Où la reconnaissance croise les fonctions extrinsèques et intrinsèques du travail
La reconnaissance doit ainsi trouver à se matérialiser. Au travail, on pense immédiatement à la rémunération pour matérialiser la reconnaissance. C’est ce que la psychologue sociale Marie Jahoda appelle la fonction extrinsèque du travail. On peut ranger dans cette fonction extrinsèque le salaire et les primes mais aussi s l’ensemble des avantages directement lisibles dans le calcul rationnel des intérêts à sacrifier de son temps et de son énergie en contrepartie d’un package de conditions de travail.

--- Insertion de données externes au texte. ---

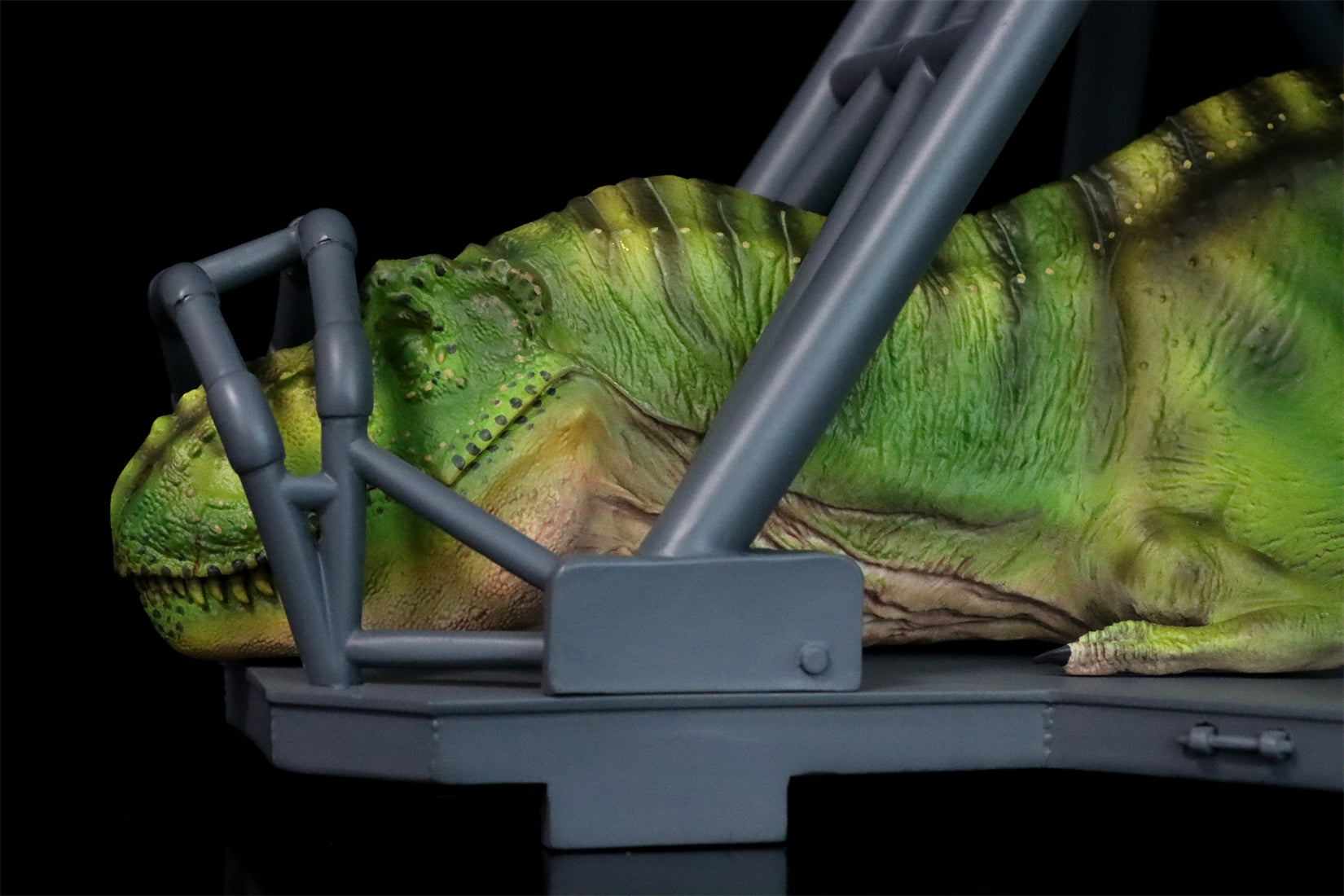 DINO DREAM 1/30 Scale Sleeping Trex Scene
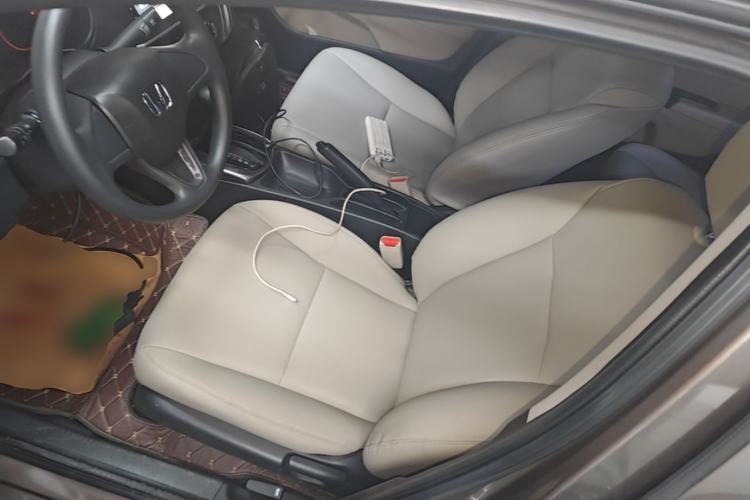Used Honda Greiz 2016 1.5L CVT Classic Edition Left Front Seat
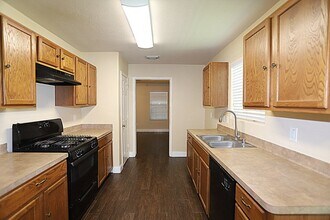10403 Hurst Hill Ln in Houston, TX - Building Photo - Building Photo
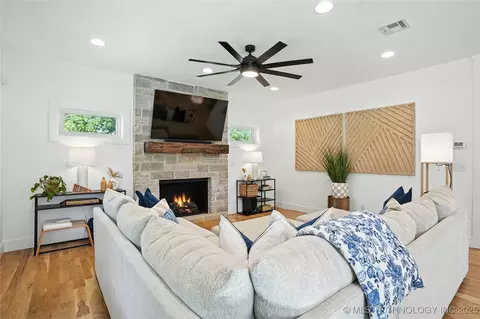 202 E Greeley St, Broken Arrow, OK 74012 photo 7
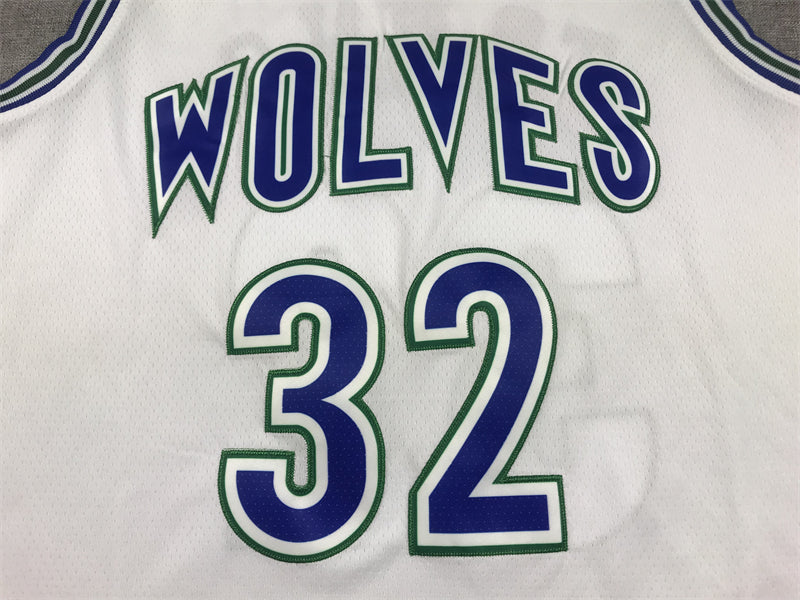 Men's Minnesota Timberwolves Karl-Anthony Towns #32 White Swingman Player Jersey1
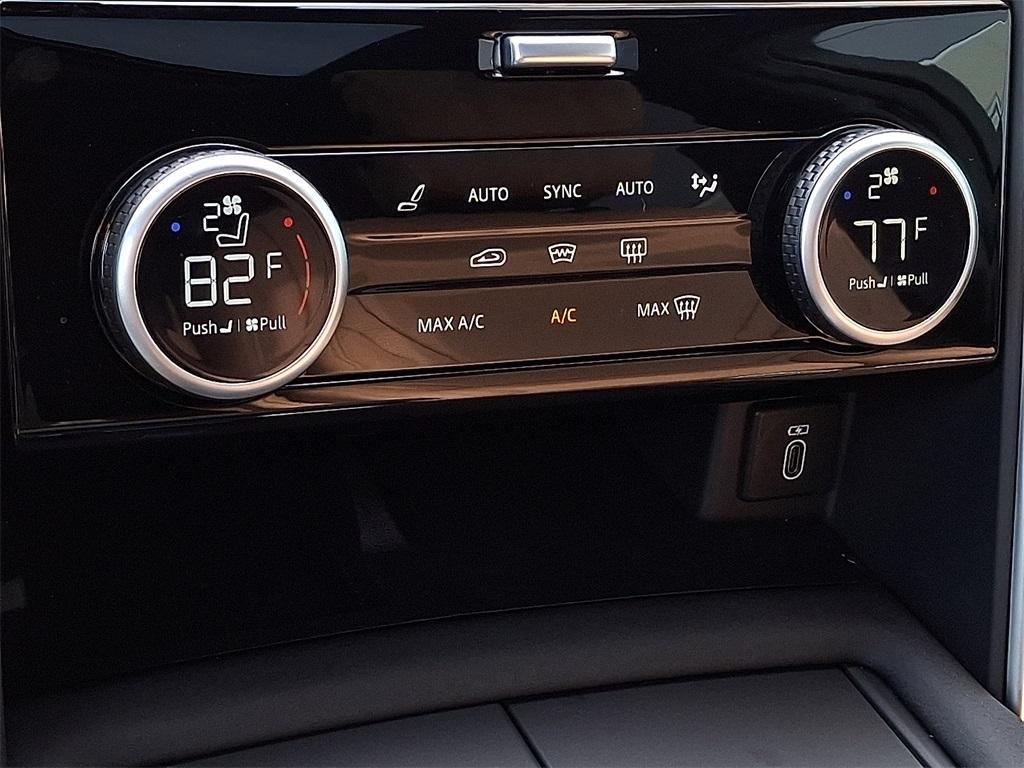 new 2026 Land Rover Discovery car, priced at $79,891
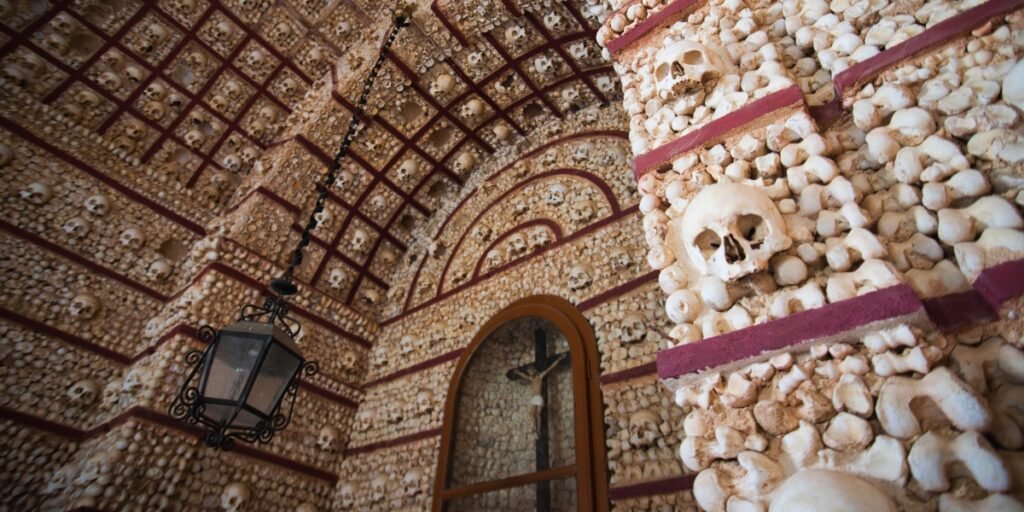 Capela dos Ossos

Marie Jahoda met aussi en évidence des fonctions intrinsèques, qui relèvent de tous les facteurs d’épanouissement au travail, depuis le lien social qu’il offre jusqu’aux opportunités d’apprentissage et de progression qu’il représente, en passant par la structure temporelle qu’il apporte en même temps qu’un cadre de référence et des éléments de construction de l’identité.
La reconnaissance demande à se matérialiser sur les deux plans, l’extrinsèque et l’intrinsèque. Elle repose sur l’aspect tangible des promotions, augmentations et autres avantages accordés en récompense du travail bien fait, des objectifs atteints, des challenges acceptés… Elle s’appuie aussi sur la qualité des relations et ce qu’elle produit de sentiment d’exister, d’être entendu, d’être pris en compte, d’être légitime, de s’inscrire dans la durée et dans l’intensité d’un lien allant se renforçant.

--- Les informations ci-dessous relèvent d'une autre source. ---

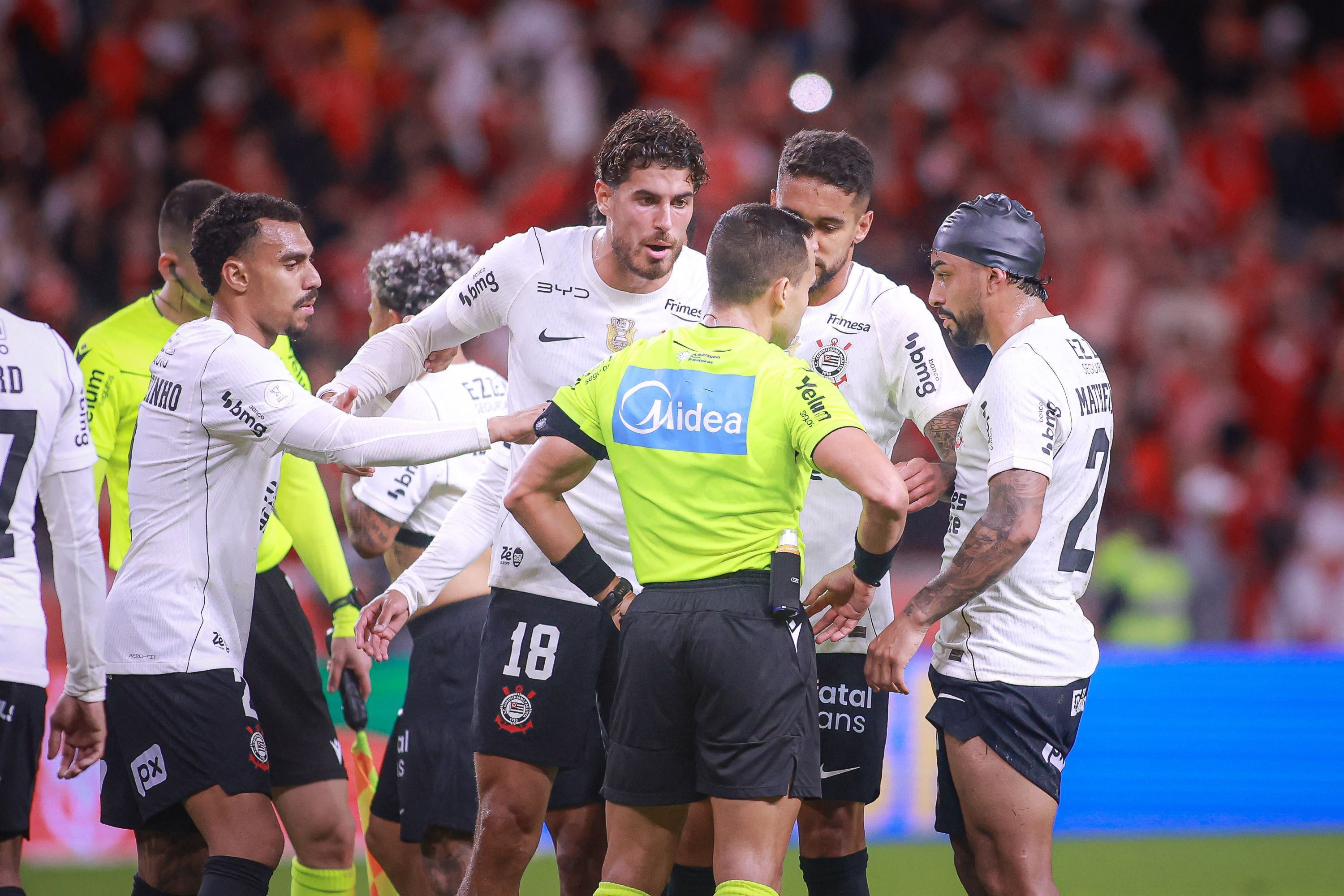 Garro revela problemas com árbitro em Inter x Corinthians: 'Posso ser expulso'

La confiance, force motrice de la reconnaissance
Aussi, la reconnaissance induit la confiance.
Celle que l’on accorde, parce qu’en tant qu’employé·e, on se sait considéré·e et projeté·e dans l’environnement de travail. La reconnaissance qu’on me manifeste favorise le fait que j’aie confiance en mon avenir dans la structure.
La confiance que l’on inspire est aussi en lien avec la reconnaissance. Je suis d’autant plus fiable que je suis satisfait·e de la reconnaissance dont je bénéficie. J’ai l’âme plus loyale et le tempérament plus sincère, les postures les plus honnêtes et les attitudes les plus engagées quand je suis reconnu·e, nous dit un Jean-Jacques Rousseau, conforté par de nombreuses études indiquant qu’à conditions de travail équivalente, les comportements de passager clandestin (qu’on nommerait aujourd’hui du « quiet quitting ») et les marques de désengagement, voire les actes de sécession (démission) ou de trahison sont nettement plus rares dans des environnements de travail où l’on valorise les individus et où l’on accorde de l’attention à l’expression de leurs frustrations.
En gros, si vous voulez qu’une personne vous fasse confiance, vous inspire confiance, se mobilise à vos côtés et vous reste fidèle, ne lui dites plus jamais « seuls les cimetières sont remplis d’irremplaçables », « des CV comme le tien, j’en ai toute une pile » ni même « C’est ton problème si tu as un complexe d’imposture » ou « fais tes preuves et on verra en fonction si j’ai envie de te faire confiance ». Commencez plutôt par dire votre reconnaissance.